30

I've noticed that Java's UriBuilder isn't encoding the : characters included in my query parameter values (ISO 8601-formatted strings).

According to Wikipedia, it seems colon should be encoded.

In particular, encoding the query string uses the following rules:

  • Letters (A-Z and a-z), numbers (0-9) and the characters '.','-','~' and '_' are left as-is
  • SPACE is encoded as '+' or %20[citation needed]
  • All other characters are encoded as %FF hex representation with any non-ASCII characters first encoded as UTF-8 (or other specified encoding)

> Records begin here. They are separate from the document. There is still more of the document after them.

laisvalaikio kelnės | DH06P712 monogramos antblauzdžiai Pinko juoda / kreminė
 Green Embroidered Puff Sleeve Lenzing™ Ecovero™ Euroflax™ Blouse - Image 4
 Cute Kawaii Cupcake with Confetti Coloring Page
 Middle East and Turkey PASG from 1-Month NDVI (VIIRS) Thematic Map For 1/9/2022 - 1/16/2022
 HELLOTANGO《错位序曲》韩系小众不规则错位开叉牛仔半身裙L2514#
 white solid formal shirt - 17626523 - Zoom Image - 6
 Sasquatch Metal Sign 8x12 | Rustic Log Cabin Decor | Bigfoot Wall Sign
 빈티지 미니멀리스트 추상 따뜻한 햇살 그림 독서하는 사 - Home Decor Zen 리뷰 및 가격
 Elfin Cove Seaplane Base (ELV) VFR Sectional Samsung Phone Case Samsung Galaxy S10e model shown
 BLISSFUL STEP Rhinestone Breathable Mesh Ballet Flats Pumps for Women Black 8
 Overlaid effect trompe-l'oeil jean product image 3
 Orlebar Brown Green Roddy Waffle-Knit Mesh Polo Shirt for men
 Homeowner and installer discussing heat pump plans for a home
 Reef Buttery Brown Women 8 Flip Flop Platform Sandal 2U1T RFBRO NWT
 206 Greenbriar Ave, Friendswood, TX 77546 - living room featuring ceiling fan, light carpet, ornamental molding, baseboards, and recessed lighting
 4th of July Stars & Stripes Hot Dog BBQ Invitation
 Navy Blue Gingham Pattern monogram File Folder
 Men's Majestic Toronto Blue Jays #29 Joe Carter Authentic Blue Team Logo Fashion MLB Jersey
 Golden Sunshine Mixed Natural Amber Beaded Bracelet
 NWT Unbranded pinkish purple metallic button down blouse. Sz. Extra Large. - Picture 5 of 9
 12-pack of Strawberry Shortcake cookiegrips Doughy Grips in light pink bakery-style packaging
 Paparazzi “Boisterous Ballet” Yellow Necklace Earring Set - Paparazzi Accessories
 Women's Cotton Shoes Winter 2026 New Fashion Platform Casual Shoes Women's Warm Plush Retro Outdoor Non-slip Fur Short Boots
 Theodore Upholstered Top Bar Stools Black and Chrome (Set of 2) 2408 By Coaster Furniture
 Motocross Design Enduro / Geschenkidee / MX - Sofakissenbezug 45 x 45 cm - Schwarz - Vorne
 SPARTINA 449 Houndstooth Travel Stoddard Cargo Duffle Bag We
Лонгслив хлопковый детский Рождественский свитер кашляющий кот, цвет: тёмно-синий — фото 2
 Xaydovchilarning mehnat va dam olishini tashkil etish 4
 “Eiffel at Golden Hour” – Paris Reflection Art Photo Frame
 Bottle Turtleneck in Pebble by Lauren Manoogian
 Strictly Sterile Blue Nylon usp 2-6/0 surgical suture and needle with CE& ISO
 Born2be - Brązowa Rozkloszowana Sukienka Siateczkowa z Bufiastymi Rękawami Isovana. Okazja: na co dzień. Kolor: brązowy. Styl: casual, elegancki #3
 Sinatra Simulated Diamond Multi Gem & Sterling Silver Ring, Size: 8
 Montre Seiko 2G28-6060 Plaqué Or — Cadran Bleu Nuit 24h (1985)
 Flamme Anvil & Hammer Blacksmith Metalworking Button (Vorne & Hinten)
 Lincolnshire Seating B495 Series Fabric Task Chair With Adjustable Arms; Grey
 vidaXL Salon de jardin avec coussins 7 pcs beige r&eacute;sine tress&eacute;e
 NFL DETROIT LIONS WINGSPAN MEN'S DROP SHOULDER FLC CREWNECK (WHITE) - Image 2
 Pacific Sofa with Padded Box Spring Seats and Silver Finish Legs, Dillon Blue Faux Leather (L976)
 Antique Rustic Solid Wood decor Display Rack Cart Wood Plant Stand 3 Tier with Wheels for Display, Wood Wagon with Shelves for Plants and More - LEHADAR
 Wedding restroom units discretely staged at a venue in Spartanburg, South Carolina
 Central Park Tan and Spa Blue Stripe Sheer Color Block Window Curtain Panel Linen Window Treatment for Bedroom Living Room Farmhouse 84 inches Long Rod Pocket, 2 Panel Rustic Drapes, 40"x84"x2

So, what's the deal? Should colons in query parameters be encoded or not?


Update:

I looked up the URI Syntax spec (RFC 3986) and it looks like encoding colons in query params really isn't necessary. Here's an excerpt from the ABNF for URI:

URI         = scheme ":" hier-part [ "?" query ] [ "#" fragment ]
query       = *( pchar / "/" / "?" )
pchar         = unreserved / pct-encoded / sub-delims / ":" / "@"
unreserved    = ALPHA / DIGIT / "-" / "." / "_" / "~"
pct-encoded   = "%" HEXDIG HEXDIG
sub-delims    = "!" / "$" / "&" / "'" / "(" / ")" / "*" / "+" / "," / ";" / "=
Community
  • 1
  • 1
HolySamosa
  • 9,011
  • 14
  • 69
  • 102
  • 1
    Correct me if I'm wrong, but per your link ":" is a reserved gen-delim and "any [gen-delims] are also in the reserved set are 'reserved' for use as subcomponent delimiters within the component" (ie sub-delims) – Enrico Dec 05 '12 at 16:21
  • I'm just interpreting the ABNF, which allows ':' as part of the query strings. This also matches up with the behavior of Java's UriBuilder as well as some code I tested on .NET. Still, it's confusing as you point out the text suggests that it should perform differently. – HolySamosa Dec 06 '12 at 20:44

2 Answers2

12

Yes, they should be encoded in a query string. The correct encoding is %3A

However, I can understand why UriBuilder isn't encoding :. You don't want to encode the colon after the protocol (eg http:) or between the username and password (eg ftp://username:password@domain.com) in an absolute URI.

Enrico
  • 10,377
  • 8
  • 44
  • 55
  • 2
    Thanks, Enrico. It seems that sources conflict. While Wikipedia (and elsewhere) say that they should be encoded, if you look at the ABNF in the URI syntax spec, it seems that they don't. See the update to my answer. – HolySamosa Dec 05 '12 at 15:25
  • 1
    This is technically incorrect. Colons are allowed as is in query. See. https://stackoverflow.com/a/5330261/125562 – Basilevs Apr 26 '21 at 16:19
5

There's no UriBuilder in the Java SDK, it is defined by JAX-RS. It's documentation states query parameters should be URL encoded, other components are encoded using RFC 3986.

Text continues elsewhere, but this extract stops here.